Records supplied =>
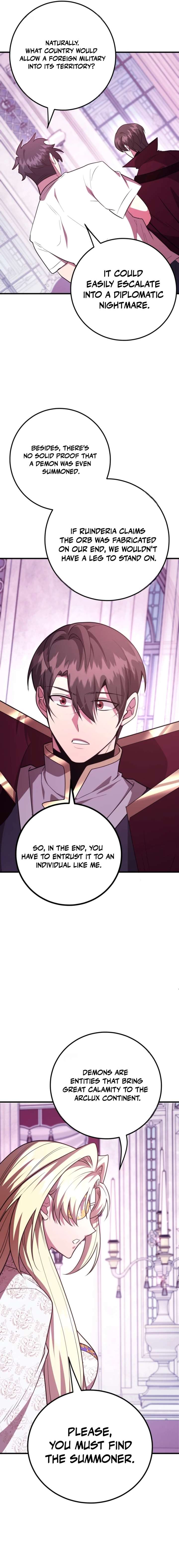 I Got Lucky And Pulled A 10th Rank Summon Chapter 116 - Page 15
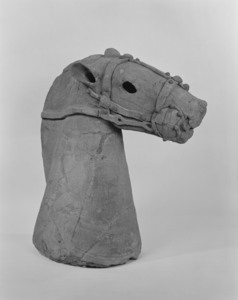 埴輪馬（頭部）（伝茨城県東海村外宿出土）_5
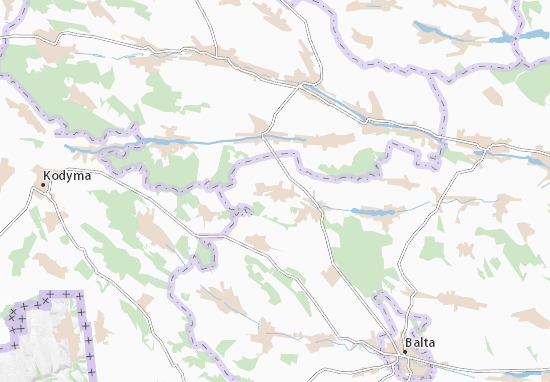 Karte Stadtplan Sarazhynka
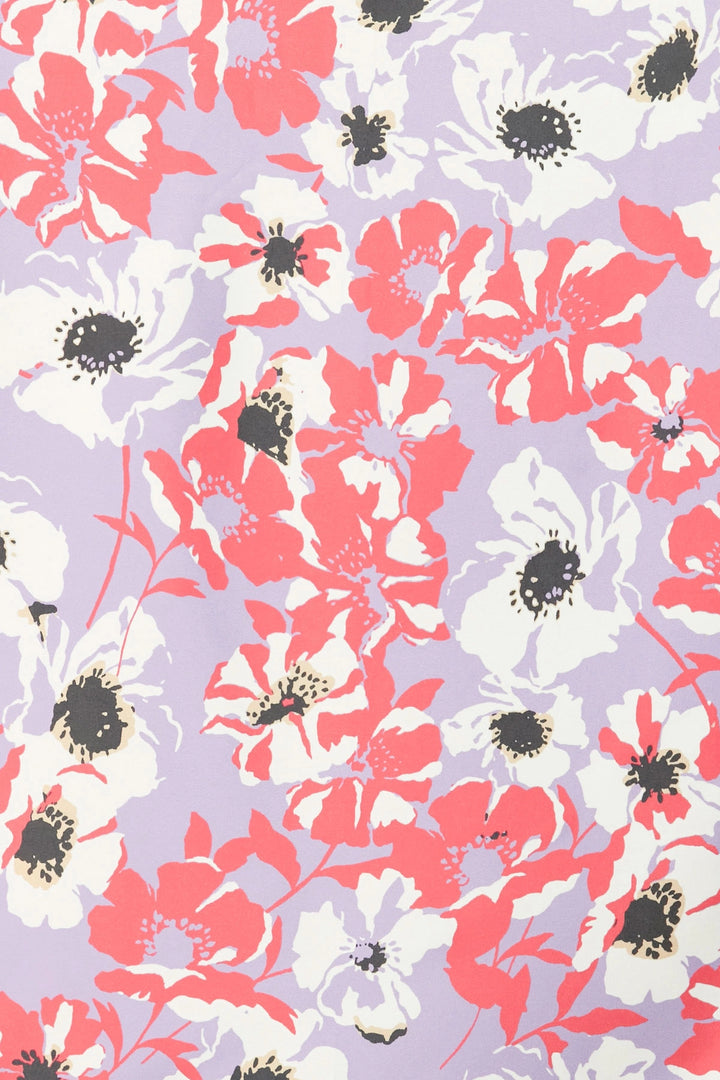 Colorful Flower Patterned Scarf BCNSV-2515020 - Wrecsam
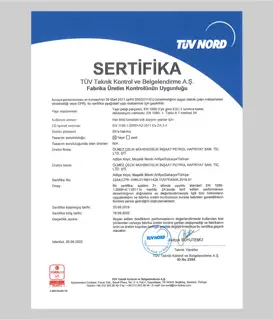 EN 1090 Sertifikası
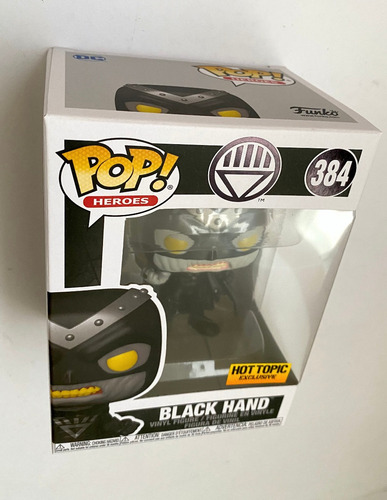 Funko Pop Black Hand Dc Comics Heroes Exclusivo 384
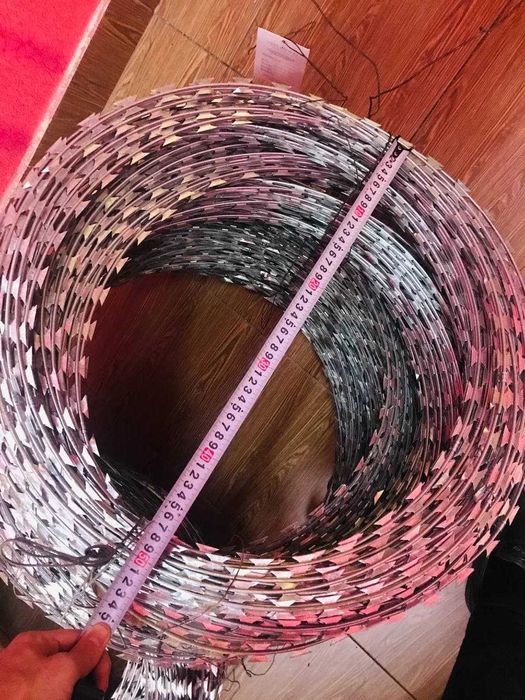 Колючая проволока оцинкованный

Exercise goal => Output nothing but the lines from the one containing "埴輪馬（頭部）（伝茨城県東海村外宿出土）_5" to the end of the listing, both ends included, reproduced exactly. Pictures stay out.

Your solution =>
 埴輪馬（頭部）（伝茨城県東海村外宿出土）_5
 Karte Stadtplan Sarazhynka
 Colorful Flower Patterned Scarf BCNSV-2515020 - Wrecsam
 EN 1090 Sertifikası
 Funko Pop Black Hand Dc Comics Heroes Exclusivo 384
 Колючая проволока оцинкованный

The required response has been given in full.